Since Britain implemented a near-complete ban on civilian handgun ownership a decade ago, handgun possession among criminals has soared by an estimated one million to three million guns, and handgun crime has almost tripled.

I know the temptation is to say "yea, Lorne Gunter would say that", but unless you can suggest that he's wrong, the 10 year period following the handgun band seems like a far more authoritative sample, then the 2005-06 sample you provide via CP, that some how shows Day to be "flat wrong".

Right?

I mean, say what you will about Duffy, Day, or Gunter, but if you're going to try to suggest that gun crimes have actually decreased since the UK banned them (thus, showing Day to be "flat wrong"), you might want to dig a little deeper than the 2005-06 statistics.

Olaf said...

Despite your authority in deciding what is and isn't "flat wrong", Bob Tarantino has an enlightening rebuttal.

I don't mean to ruffle any feathers, but is there a possibility that in this case, it's Jeff, who is flat wrong, and not Stock?

A BCer in Toronto said...

Post updated Olaf. You can say I was wrong by association (on that one point out of many). Oh CP, how can I ever trust you again?

It would seem both the CP and the Stock were being quite careful and selective in their usage of examples and statistics.

Werner Patels said...

I agree that we need such a ban, and Harper is a fool for rejecting McGuinty's proposal.

But I am a bit confused here with respect to your quote from what you call the "Liberal platform" (without a link!). It says in your quote that the Liberals want to double sentences and get tough on gangs, etc.

Why, then, do the Liberals want to vote against the current get-tough-on-crime legislation that even the NDP will support? From what I have read here and from what I know about the bill, the Liberals should be in full and total support of that crime bill.

Perhaps, you can explain it a bit more, if you don't mind, and a link to that part of the "Liberal platform" would also be appreciated.

Kaniz Mouli said...

Mike is a conservative supporter. You should have seen him when he was talking to the Liberal premier of PEI..he look so pissed. Jean Lapierre often comes to the program and they both bitch about Dion all the time. I would prefer Don Newman or CPAC anyday over Duffy.

JimBobby said...

Whooee! I watch Duffy about 3 times a week. He's a Con hack like his associates Bob Fife (worse than Duffy) and Craig Oliver (a little better than Duff).

We need a Media Matters for Canada.

JB

Gayle said...

"But I'm sure no one is saying bans increase gun crime. You could read Stock that way, but I don't think that's what he was going for. I think the point he and most on his side would make would be that a ban would be ineffective. The veracity of that contention is unproven, barring a wider statistical sample of countries other than Stock's well-chosen UK example."

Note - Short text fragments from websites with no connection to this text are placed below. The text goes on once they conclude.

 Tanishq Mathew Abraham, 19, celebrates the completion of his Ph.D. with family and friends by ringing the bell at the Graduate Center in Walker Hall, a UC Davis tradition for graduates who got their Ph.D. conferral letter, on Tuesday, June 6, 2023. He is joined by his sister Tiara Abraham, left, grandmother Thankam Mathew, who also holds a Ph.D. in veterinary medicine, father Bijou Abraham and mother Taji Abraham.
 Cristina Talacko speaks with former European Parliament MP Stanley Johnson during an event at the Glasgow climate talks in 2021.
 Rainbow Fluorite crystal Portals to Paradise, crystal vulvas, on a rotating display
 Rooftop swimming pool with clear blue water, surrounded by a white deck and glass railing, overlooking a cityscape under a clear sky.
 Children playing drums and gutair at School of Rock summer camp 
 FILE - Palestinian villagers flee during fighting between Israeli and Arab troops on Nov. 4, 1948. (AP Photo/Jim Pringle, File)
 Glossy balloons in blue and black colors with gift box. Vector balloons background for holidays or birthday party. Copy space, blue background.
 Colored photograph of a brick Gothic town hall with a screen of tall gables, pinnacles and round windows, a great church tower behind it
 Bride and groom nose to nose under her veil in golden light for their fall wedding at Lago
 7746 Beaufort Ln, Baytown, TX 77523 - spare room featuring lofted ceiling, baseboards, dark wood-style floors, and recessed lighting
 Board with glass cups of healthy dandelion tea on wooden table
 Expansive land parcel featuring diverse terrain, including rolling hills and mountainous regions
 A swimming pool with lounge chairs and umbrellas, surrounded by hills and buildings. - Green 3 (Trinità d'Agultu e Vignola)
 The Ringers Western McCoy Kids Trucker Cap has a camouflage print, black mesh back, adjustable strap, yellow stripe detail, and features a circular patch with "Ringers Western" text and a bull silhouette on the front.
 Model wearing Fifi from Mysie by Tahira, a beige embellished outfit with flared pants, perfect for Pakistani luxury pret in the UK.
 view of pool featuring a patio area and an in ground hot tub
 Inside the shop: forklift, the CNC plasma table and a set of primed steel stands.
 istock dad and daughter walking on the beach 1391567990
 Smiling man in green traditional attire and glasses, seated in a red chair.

You know what has been statistically proven to be ineffective in decreasing crime? - INCREASING sentences. The conservatives acknowledge that on the explanatory material attached to the gun crimes legislation on the website. (To be fair, they also point out that some studies suggest that at least for gun crimes tougher sentences may be some deterrent, which I would equate to the studies that show banning hand guns decreases crime).

In any event - which costs more, banning guns or increasing sentences? The provisions of the conservative crime bills would vastly increase the number of prisoners, resulting in the need to build more prisons and hire more staff. I believe they priced in the area of billions of dollars. The costs of building are a one time expense, but maintenance, staff and costs relating to housing prisoners will be ongoing. All for something that they really have no evidence to believe will be effective. Where will this money come from?

(To be clear, I am referring not only to the gun bill, but other proposals as well, such as reducing or eliminating parole - it costs more to keep someone in prison than to parole him, for example).

Other reasons the liberals oppose the gun legislation is that it is likely to be found unconstitutional, and it is unnecessary. The liberals are not opposed to the entire bill - as I understand it they oppose the mandatory minimums. They agree with increasing the maximums, which is enough to increase sentences for these offences (but leaves some discretion with the courts, where it belongs).